*** Opening STUDY MATERIAL ***
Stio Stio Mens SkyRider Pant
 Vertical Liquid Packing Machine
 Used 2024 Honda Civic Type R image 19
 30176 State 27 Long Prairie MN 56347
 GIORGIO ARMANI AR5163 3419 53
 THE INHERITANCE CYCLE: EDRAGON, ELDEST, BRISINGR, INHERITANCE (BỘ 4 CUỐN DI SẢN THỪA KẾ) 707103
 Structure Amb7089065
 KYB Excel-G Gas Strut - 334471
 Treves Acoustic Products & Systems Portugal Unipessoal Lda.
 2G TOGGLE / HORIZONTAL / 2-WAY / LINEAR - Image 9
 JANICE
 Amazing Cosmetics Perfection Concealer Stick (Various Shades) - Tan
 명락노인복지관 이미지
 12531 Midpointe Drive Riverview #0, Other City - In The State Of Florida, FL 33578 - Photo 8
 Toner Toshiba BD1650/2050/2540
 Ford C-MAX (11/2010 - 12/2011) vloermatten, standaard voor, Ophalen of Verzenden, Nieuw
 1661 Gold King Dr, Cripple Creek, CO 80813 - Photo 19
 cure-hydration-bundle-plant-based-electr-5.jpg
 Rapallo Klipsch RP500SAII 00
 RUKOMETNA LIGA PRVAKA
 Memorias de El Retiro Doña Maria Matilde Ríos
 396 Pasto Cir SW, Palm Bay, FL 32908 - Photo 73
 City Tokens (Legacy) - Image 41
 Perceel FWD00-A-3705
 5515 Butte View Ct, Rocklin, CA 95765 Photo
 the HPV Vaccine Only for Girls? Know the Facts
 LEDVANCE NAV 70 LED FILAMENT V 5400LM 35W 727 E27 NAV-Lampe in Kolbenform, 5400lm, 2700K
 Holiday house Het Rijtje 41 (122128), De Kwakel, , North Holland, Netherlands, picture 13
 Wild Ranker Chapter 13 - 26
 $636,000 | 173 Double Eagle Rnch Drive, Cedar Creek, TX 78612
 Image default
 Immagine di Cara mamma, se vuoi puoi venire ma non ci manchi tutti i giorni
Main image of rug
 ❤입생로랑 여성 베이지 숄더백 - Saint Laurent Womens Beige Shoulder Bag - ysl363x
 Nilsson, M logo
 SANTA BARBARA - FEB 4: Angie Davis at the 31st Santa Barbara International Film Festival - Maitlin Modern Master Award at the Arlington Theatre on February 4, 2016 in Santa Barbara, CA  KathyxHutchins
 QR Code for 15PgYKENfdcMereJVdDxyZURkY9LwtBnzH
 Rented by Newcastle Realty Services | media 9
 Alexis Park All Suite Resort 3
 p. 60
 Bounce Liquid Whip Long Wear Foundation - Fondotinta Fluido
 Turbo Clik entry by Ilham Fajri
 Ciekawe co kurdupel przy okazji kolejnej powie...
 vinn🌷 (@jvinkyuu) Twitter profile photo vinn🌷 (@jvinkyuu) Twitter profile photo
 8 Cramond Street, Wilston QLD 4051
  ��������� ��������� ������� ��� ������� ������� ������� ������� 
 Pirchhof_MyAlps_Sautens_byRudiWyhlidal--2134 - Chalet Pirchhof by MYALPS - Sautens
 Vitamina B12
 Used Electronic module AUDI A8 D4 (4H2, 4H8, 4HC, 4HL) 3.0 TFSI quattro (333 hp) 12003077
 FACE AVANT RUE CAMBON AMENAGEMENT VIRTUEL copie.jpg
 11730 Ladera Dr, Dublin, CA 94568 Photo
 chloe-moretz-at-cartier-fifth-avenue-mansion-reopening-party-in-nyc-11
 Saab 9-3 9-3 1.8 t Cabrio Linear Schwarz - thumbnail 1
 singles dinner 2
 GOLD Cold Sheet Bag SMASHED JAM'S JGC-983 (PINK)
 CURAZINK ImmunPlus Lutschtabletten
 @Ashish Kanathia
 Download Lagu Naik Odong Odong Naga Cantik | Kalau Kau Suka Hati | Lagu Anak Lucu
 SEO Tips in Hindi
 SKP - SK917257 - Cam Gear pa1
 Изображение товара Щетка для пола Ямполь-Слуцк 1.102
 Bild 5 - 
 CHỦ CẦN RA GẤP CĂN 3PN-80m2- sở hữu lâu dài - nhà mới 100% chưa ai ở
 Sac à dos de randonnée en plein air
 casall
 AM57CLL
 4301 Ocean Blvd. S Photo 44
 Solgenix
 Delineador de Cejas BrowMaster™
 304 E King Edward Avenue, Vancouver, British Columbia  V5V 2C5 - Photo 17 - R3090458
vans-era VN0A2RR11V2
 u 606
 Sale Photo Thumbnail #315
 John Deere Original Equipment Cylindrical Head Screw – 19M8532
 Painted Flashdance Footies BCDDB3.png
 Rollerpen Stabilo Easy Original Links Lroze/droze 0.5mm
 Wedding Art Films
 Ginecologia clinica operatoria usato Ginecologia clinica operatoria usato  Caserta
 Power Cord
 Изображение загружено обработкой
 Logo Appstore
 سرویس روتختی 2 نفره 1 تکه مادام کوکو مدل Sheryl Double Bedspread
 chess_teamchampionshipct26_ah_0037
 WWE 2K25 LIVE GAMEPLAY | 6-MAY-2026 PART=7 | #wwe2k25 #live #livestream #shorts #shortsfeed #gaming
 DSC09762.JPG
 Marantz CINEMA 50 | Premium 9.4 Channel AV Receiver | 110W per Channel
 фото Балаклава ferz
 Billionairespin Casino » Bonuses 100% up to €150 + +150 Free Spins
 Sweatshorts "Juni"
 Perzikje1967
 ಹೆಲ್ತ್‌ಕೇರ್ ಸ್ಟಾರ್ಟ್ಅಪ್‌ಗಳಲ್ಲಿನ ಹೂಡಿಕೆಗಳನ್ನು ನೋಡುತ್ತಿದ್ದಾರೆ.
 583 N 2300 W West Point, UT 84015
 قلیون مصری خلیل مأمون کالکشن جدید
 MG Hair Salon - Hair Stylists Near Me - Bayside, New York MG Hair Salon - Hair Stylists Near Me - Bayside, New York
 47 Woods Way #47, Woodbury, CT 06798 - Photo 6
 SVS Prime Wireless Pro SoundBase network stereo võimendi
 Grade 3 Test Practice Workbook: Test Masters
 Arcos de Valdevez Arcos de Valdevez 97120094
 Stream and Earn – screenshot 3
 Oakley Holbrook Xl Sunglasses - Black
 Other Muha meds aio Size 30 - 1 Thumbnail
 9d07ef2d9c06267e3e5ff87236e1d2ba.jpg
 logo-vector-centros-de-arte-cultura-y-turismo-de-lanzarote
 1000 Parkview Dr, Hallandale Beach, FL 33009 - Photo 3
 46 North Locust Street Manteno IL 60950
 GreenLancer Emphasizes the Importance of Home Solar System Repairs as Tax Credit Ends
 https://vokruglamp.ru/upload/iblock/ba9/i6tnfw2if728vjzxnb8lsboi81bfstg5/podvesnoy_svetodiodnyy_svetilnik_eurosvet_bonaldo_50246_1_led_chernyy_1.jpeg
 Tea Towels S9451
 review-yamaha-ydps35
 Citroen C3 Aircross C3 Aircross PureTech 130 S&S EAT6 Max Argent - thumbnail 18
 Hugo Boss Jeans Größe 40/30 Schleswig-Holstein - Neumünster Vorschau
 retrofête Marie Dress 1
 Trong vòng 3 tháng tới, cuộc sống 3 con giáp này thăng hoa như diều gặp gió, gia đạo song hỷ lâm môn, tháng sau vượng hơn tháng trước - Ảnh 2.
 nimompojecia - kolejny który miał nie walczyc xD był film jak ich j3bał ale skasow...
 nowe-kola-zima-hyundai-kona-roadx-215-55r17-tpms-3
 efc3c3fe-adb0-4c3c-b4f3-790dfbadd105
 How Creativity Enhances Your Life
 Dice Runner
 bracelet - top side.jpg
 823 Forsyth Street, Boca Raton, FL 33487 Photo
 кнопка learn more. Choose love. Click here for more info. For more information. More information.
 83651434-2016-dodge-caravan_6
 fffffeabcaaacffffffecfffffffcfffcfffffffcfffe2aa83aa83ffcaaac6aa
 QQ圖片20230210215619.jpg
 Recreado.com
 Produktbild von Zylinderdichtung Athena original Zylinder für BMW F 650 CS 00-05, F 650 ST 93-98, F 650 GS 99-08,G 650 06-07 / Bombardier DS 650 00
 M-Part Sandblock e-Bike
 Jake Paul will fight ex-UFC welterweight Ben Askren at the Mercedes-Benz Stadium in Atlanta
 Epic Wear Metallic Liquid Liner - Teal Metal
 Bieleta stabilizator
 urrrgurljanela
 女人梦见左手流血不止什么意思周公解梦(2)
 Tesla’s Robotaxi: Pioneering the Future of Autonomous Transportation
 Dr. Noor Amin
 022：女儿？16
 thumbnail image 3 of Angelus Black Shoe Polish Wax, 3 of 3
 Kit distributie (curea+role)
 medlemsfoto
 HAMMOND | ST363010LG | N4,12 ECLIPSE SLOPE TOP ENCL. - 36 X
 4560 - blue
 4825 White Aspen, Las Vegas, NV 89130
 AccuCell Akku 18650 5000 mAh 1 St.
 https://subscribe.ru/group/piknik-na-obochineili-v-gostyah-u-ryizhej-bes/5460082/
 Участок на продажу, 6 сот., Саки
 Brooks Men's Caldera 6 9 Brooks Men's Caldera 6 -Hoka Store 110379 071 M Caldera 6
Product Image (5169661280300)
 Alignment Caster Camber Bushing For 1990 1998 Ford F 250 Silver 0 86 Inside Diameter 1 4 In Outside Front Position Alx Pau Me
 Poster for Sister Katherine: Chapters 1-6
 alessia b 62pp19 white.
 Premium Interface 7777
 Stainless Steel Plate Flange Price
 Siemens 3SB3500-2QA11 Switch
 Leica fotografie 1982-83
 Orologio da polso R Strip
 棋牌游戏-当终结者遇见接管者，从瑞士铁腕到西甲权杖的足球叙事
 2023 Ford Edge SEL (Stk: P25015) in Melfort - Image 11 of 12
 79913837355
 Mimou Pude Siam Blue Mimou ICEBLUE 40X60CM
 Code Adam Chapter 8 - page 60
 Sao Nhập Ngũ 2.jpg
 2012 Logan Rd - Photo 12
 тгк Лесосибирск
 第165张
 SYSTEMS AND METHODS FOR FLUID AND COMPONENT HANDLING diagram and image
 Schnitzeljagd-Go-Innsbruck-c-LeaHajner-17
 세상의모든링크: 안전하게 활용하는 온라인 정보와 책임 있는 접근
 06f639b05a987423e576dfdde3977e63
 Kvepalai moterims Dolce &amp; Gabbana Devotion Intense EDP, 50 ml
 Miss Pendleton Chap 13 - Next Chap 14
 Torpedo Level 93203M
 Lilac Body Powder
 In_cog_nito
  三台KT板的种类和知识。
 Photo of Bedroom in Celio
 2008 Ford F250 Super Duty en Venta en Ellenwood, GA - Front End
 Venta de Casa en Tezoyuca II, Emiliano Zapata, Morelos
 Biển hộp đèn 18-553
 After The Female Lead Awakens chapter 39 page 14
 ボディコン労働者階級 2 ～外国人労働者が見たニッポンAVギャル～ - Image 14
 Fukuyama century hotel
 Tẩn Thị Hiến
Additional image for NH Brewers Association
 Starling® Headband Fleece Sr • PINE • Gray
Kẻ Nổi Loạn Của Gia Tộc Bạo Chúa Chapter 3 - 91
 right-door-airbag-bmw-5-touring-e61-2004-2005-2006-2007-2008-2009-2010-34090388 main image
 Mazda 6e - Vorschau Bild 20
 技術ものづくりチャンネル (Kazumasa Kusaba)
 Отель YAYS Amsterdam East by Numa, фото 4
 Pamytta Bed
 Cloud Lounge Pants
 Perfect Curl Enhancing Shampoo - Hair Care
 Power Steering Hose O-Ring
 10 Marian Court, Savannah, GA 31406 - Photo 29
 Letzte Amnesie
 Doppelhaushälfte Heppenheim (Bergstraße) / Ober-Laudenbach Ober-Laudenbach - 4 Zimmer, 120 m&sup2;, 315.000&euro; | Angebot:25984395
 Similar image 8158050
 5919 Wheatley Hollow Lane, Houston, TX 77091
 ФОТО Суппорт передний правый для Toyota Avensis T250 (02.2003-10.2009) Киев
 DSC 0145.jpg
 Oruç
*** Closing STUDY MATERIAL ***
TASK DIRECTIONS →
Your reply is to repeat, unchanged, the lines above running from the one with "fffffeabcaaacffffffecfffffffcfffcfffffffcfffe2aa83aa83ffcaaac6aa" up to and including the one with "M-Part Sandblock e-Bike".

TASK OUTPUT →
 fffffeabcaaacffffffecfffffffcfffcfffffffcfffe2aa83aa83ffcaaac6aa
 QQ圖片20230210215619.jpg
 Recreado.com
 Produktbild von Zylinderdichtung Athena original Zylinder für BMW F 650 CS 00-05, F 650 ST 93-98, F 650 GS 99-08,G 650 06-07 / Bombardier DS 650 00
 M-Part Sandblock e-Bike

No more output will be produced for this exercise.